This new (2006) face route on Main Wall is excellent! Climb up to a bolt, up left into a flake which can be protected with #1 or #.75 Camalots, past another bolt to another flake which takes good cams as well. Then, another 5 or so bolts to the anchor. Rap off with a 60m rope. Lowering will kill your rope on this one.
50' left of Arctic Breeze on main ledge. Probably about 50' right of Stem Meister.
Bolts, an assortment of cams. (I used yellow Alien, #1 and #2 Camalots...)
|Comments on Absolutely Billy
From: Oakland CA
Jun 18, 2007
Did this one again today.
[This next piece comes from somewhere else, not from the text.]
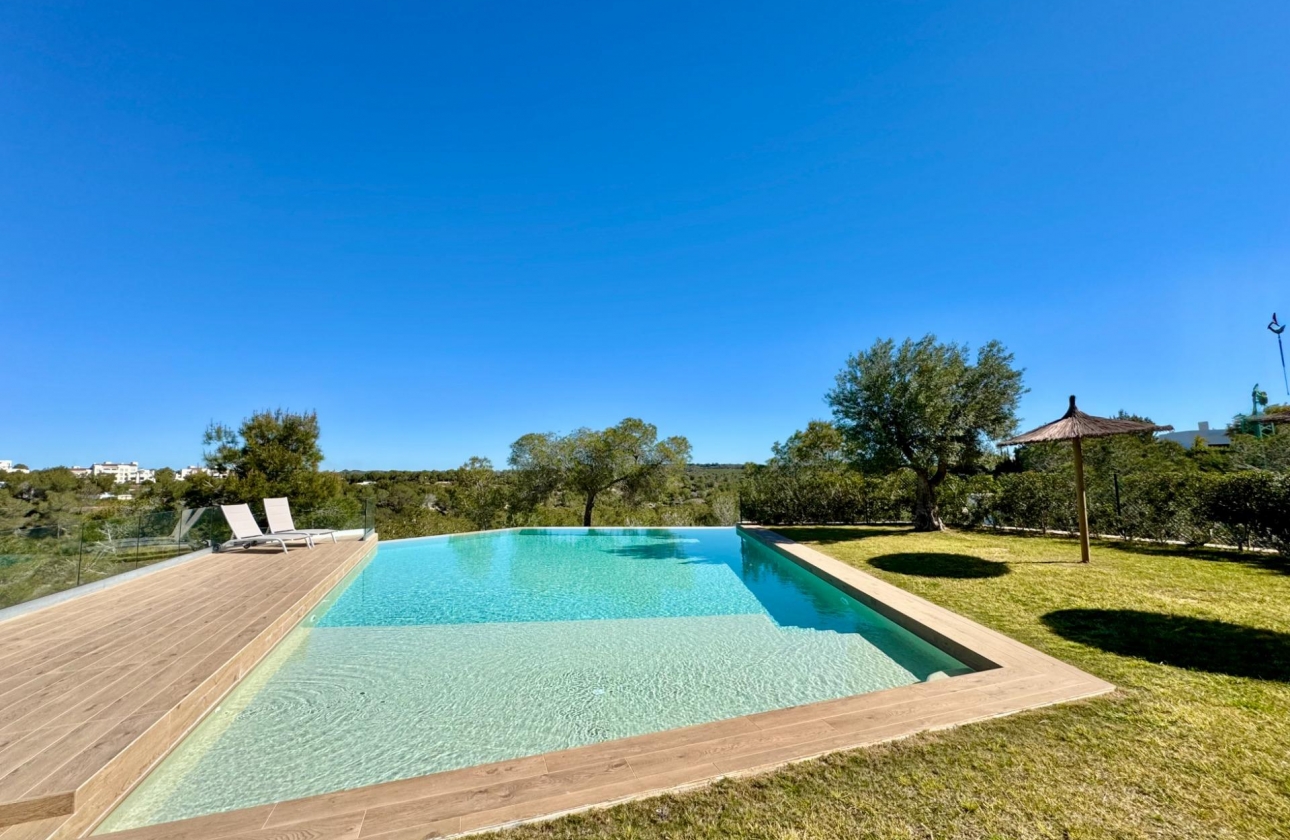 Resale - Apartment - Orihuela - Las Colinas Golf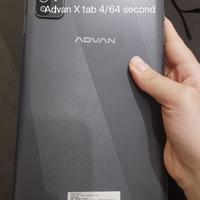 Gambar Advan Xtab 4/64 GB#Advan X tab dari TechnoSobat undefined 1 Tokopedia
Fantastic route, slightly overhanging in some sections, with biggish positive dikes.
This one will be harder for some shorter folks, I really had to stretch to make a move, at 5'10".
Definitely worth doing on a main ledge cragging day, or if you're waiting in line for corrugation.
From: Joshua Tree
Oct 1, 2008
rating: 5.10d PG13
As of the summer 08 this rt goes to the top of the wall @ .10d (maybe pg) I did most of the rt, but got off rt after about 4 pitches.
From: Vacaville Ca.
Nov 11, 2008
Actually this route went to the top shortly after it was first put up in 06. Short .10d section but mostly much easier (dirty) climbing.
From: Salt Lake City, UT
Jun 10, 2010
A must-do if you are climbing on Main Wall and not just gunning for the Corner classics.